Updated on August 28, 2015

Roast Mortem, by Cleo Coyle, the Ninth Coffeehouse Mystery

Cover illustration by Cathy Gendron. Cover design and logo by Rita Frangie.
Cover illustration by Cathy Gendron. Cover design and logo by Rita Frangie. | Source

The Arsonist's Destination is One Particular Back Door

Each Coffee House Mystery starts with a prologue in which the readers get a tantalizing glimpse of the crime and the criminal without knowing the identity of the criminal, or his or her motive for the crime.

The Prologue to Roast Mortem shows us a nervous arsonist in an alley, looking for a door with a brass knob. There is a brocade curtain inside, separating the small utility room from the caffé. The arsonist puts a "glossy tangerine sack" on the floor.

"Cloying scents of soy and garlic still haunted its boxy interior, ghosts of last night's Korean takeout. The reinforced bottom and laminated sides made it sturdy enough to carry the necessary items."

The arsonist hopes the building is empty at the time, so that nobody gets hurt, but realizes that it's too late to do anything about it now.

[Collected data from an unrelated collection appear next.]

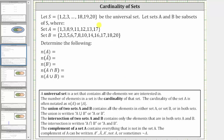We are told to let the set S be the universal set, where S contains the integers from one through 20. Then let sets A and B be subsets of S, where set A contains the elements one, three, eight, nine, eleven, twelve, thirteen, and seventeen.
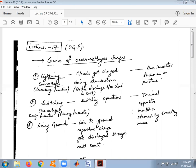Good morning everyone. This is lecture number 17 for the subject Switchgear and Protection. Today we will discuss an important topic in power system — switching surges. But before starting, let us have an overview regarding the causes of over voltage surges, though our main focus today will be on switching surges.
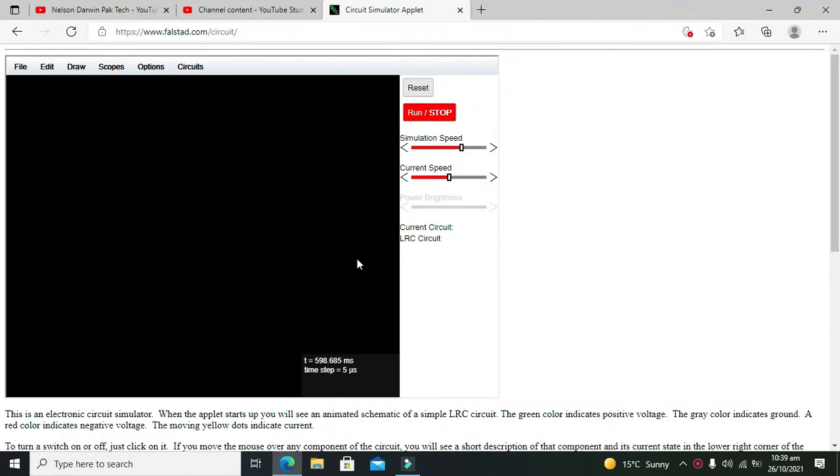Okay guys, it's me Imad from Nelson Darwin Park Tech YouTube channel. In this video tutorial we will learn about how to use a DAC or digital to analog converter within Falstead.com.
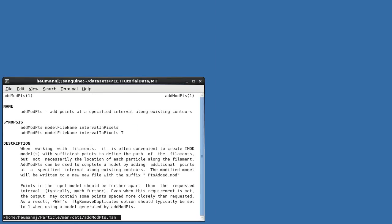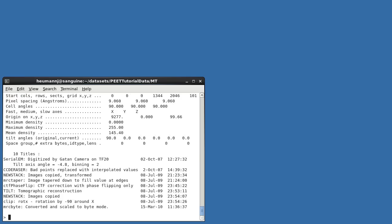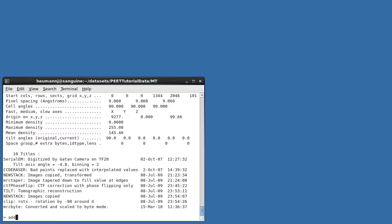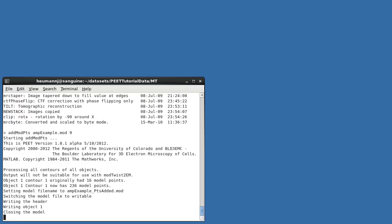Looking at the man page for addModPts, you can see that we'll need to specify the desired interval between points as an integer number of voxels. Using the imod command header, we can see that the voxel spacing for this volume is 9.06 angstroms per voxel. Since we'd like points approximately every 8 nanometers, I'll run addModPts specifying an interval of 9 voxels between points.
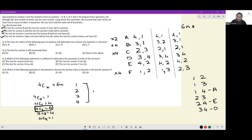For A, E, and D, we know precisely what set of questions they have. For B, we have two possibilities. For C, we have two possibilities. For F, we have three distinct possibilities.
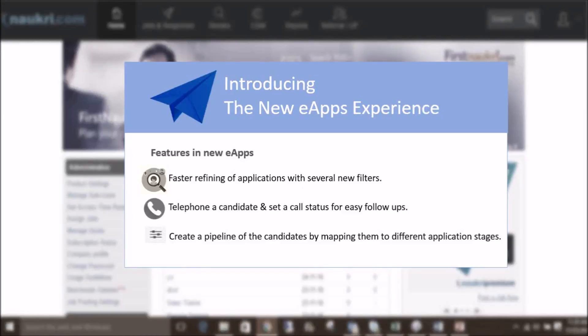Hello everyone, Naukri has recently launched the new interface of eApps, which is a smart online response manager available for all our Naukri.com NC subscribed clients.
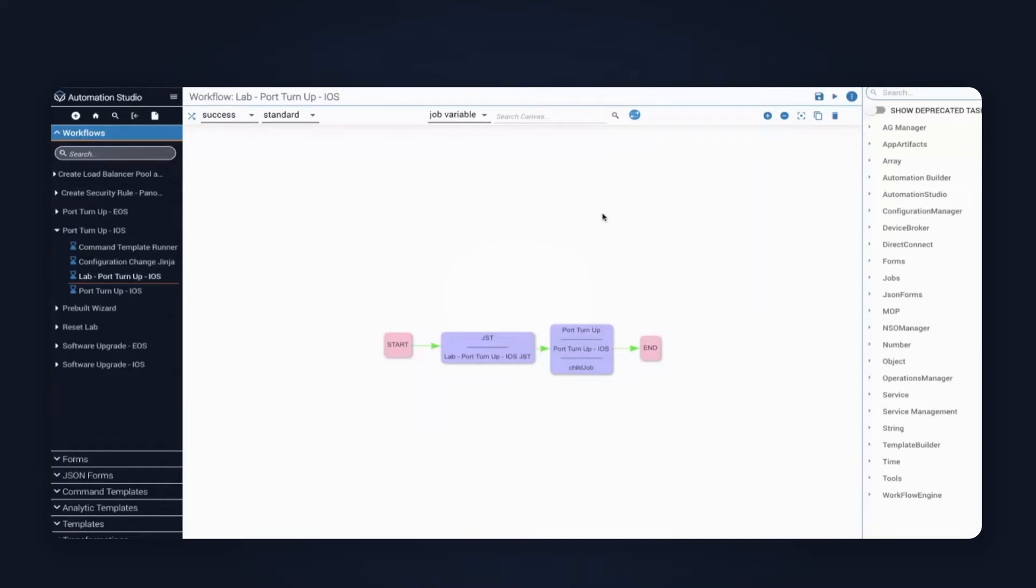On this screen, you can see two main tasks. There's a transformation, followed by a port turn-up. The transformation takes the input data from the form and converts it into the payload needed for the pre-built. The pre-built is the port turn-up. This is a workflow where folks typically do end-to-end automations. So inside of here, you would consume Itential pre-built or add your own business logic as well.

Then, the arsonist thinks, "The schedule was set for me, and I held up my end. Tonight Caffè Lucia will burn. If people get in the way, it's their own stupid fault."

The Day The Fires Began.

It seemed to Clare just like any other day.

"Except it wasn't."

Roast Mortem

Roast Mortem (A Coffeehouse Mystery)
Roast Mortem (A Coffeehouse Mystery)
Clare drives Madame to Queens to collect an old Blend roaster that Enzo had bought used from the Village Blend Coffeehouse back in the '60's --- as well as a photo album with pictures of Madame and her late first husband, Antonio Allegro.

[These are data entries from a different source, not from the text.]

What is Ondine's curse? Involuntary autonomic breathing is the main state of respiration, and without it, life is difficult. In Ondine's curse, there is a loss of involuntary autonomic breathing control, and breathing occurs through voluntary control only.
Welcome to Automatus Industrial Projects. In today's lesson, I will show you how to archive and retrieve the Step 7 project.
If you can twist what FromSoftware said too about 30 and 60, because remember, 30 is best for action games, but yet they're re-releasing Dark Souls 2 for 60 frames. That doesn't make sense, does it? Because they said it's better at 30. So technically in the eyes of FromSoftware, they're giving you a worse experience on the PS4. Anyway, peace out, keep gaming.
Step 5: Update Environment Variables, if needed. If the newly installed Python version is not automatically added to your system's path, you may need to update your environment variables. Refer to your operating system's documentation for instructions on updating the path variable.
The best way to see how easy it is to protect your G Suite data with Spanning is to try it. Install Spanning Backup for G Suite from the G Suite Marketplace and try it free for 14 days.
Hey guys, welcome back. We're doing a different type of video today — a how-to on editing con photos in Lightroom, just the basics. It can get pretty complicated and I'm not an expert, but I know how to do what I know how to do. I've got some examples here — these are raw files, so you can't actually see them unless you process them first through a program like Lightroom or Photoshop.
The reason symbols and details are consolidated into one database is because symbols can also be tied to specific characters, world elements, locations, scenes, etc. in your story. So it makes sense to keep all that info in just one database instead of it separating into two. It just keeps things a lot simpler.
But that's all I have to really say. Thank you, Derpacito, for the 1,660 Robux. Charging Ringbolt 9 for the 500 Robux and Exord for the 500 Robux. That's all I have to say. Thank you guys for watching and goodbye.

Stuck in the Holland Tunnel

Esther tells Clare that she hates to leave with so many customers waiting for their "java hit before heading home."

Tucker Burton, the assistant manager of the Village Blend, had arrived on time for his shift, "and was just tying on his Village Blend apron," but his shift partner was not yet there. Clare tells Tucker that Gardner is stuck in traffic on the New Jersey side of the Holland Tunnel.

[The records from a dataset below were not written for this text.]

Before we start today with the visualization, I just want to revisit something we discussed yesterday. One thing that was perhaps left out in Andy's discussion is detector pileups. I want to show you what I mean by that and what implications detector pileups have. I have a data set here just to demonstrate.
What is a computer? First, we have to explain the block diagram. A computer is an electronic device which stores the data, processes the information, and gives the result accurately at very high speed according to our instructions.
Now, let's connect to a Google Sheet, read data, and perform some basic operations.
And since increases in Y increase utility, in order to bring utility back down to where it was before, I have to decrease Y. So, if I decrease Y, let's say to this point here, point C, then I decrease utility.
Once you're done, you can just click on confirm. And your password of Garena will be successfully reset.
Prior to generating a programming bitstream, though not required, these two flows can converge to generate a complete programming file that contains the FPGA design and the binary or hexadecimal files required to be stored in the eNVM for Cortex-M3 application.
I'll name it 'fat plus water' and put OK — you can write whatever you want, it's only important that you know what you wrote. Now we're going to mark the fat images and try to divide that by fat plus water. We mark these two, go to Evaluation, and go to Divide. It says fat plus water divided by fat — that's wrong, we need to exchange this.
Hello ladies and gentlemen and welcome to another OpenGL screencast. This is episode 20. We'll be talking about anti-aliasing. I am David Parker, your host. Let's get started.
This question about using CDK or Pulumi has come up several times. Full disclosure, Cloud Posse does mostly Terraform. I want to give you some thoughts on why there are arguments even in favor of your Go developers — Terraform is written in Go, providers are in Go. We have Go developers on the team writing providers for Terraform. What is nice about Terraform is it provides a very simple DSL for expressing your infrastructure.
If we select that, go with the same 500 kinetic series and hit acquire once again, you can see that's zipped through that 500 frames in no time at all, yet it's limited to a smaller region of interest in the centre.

Not only that, but fellow barista Esther Best is finished with her shift, and she has to be at Columbia to assist with the the "Semiotics of Urban Expression," class. So, she cannot stay to help Tucker with the customers lined up all the way out the door.

Clare tells Esther to call Vicki Glockner, "a young woman with fluffy, crumpet-colored curls" and promise to pay Vicki double time until Gardner arrives for his shift.

Vicki arrived and waved, "Hey, everyone!" while Clare was on the phone a few minutes later.

Reminder of A Very Sad Christmas

Vicki's dad, Alf Glockner, had been the murder victim in a previous Coffeehouse Mystery, Holiday Grind:

Alf's daughter had been a barista at the Blend for a little while. Alf used humor as a way to make the world brighter. He spoke with the folks in line at the Blend while he was there, and made them laugh --- even before they'd had their java.

At least, Clare had been convinced it was murder, right from the start. But, official law-enforcement believed it was just a robbery gone bad.

Lorenzo's Story

On the drive to Queens to meet Enzo, Madame explains to Clare that Lorenzo Testa came to work for Madame and her late first husband, Antonio Allegro, in the '50's.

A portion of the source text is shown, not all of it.